§ **WHAT TO DO**
Wherever a line in the data holds the word "Black", pull that line out.
RECORD EXTRACTS Start Marker
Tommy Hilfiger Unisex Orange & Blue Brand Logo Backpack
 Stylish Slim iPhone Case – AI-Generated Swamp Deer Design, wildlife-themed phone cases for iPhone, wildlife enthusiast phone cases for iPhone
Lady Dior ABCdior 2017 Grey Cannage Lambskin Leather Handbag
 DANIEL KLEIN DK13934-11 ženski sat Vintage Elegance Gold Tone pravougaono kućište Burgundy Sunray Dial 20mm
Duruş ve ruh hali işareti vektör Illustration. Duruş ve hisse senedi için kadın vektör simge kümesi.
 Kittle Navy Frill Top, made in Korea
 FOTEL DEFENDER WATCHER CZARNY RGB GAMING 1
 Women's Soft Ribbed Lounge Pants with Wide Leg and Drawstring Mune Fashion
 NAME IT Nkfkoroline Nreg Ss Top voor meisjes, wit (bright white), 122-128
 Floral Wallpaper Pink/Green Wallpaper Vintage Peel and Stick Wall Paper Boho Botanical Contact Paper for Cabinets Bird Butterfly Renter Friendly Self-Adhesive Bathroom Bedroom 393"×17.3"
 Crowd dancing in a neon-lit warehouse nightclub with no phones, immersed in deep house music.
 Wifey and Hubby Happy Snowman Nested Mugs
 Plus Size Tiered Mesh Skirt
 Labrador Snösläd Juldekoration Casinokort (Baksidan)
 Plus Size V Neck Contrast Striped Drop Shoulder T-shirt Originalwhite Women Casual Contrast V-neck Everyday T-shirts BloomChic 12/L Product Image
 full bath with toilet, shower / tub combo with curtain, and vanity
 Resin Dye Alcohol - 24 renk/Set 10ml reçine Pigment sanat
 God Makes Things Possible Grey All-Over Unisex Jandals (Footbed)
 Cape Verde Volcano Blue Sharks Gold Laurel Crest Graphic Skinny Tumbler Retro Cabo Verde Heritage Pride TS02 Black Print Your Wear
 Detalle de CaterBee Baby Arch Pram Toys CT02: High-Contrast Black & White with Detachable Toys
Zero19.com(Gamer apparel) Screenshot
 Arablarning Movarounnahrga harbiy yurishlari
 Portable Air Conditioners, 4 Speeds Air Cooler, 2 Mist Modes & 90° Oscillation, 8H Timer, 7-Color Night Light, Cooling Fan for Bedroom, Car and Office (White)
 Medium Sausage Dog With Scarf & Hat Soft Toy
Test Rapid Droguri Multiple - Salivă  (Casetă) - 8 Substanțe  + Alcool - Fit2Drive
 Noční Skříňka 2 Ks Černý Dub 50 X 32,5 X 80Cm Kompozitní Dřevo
RECORD EXTRACTS End Marker
§ **ANSWER**
 Cape Verde Volcano Blue Sharks Gold Laurel Crest Graphic Skinny Tumbler Retro Cabo Verde Heritage Pride TS02 Black Print Your Wear
 Detalle de CaterBee Baby Arch Pram Toys CT02: High-Contrast Black & White with Detachable Toys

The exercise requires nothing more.